Start of DATA TO USE

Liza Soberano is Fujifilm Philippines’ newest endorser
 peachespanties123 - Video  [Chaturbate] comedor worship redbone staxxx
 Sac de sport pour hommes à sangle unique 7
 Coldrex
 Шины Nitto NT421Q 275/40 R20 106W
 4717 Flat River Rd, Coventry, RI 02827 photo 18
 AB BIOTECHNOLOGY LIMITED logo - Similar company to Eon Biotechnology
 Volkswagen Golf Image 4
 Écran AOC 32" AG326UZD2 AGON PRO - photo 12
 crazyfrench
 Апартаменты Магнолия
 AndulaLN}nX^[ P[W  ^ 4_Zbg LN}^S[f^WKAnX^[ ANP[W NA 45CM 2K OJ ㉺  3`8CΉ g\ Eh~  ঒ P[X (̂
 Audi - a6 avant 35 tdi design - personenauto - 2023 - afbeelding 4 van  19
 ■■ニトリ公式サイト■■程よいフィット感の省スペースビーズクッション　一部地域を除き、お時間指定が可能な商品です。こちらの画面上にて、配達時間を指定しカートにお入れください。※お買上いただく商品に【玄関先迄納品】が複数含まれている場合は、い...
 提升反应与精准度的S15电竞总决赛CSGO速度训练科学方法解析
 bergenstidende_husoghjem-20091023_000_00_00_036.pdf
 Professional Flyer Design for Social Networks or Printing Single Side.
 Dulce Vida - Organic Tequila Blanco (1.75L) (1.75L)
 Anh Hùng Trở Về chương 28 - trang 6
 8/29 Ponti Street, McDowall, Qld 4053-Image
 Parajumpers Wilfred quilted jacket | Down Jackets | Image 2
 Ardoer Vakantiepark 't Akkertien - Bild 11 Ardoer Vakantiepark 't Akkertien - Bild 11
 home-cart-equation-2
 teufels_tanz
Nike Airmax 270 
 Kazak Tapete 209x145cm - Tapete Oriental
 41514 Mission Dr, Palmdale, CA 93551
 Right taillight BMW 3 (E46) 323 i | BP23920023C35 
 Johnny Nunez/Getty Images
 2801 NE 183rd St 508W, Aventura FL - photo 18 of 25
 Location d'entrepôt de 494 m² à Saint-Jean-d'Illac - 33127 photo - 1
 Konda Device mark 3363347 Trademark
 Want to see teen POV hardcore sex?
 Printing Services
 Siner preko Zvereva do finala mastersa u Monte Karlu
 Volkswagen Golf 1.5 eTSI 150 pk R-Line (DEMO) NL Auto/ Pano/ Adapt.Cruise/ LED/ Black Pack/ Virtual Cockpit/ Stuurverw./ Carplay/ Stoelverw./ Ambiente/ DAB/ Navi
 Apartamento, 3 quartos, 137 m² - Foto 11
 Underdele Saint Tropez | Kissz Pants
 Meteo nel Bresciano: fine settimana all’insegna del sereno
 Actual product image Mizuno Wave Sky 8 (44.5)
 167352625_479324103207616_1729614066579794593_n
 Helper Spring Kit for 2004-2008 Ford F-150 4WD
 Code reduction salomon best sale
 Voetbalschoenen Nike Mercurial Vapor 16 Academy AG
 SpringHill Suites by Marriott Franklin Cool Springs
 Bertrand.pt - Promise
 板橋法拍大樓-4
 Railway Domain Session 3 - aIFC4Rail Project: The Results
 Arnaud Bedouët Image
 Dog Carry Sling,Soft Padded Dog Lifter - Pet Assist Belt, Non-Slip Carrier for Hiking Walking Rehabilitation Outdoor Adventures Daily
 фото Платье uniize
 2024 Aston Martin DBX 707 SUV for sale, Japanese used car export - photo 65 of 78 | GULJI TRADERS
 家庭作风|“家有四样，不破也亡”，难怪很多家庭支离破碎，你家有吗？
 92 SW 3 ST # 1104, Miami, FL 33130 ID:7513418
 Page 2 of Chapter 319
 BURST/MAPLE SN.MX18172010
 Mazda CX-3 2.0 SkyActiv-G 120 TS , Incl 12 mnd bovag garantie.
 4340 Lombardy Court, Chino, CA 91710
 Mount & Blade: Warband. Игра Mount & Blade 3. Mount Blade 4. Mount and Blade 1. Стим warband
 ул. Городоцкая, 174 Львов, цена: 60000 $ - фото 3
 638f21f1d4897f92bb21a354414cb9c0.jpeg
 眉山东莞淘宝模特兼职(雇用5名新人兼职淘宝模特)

End of DATA TO USE

> WHAT IS REQUIRED
Where in the entries does the word "photo" occur? Copy out each line that has it.

> ANSWER SECTION
 4717 Flat River Rd, Coventry, RI 02827 photo 18
 Écran AOC 32" AG326UZD2 AGON PRO - photo 12
 2801 NE 183rd St 508W, Aventura FL - photo 18 of 25
 Location d'entrepôt de 494 m² à Saint-Jean-d'Illac - 33127 photo - 1
 2024 Aston Martin DBX 707 SUV for sale, Japanese used car export - photo 65 of 78 | GULJI TRADERS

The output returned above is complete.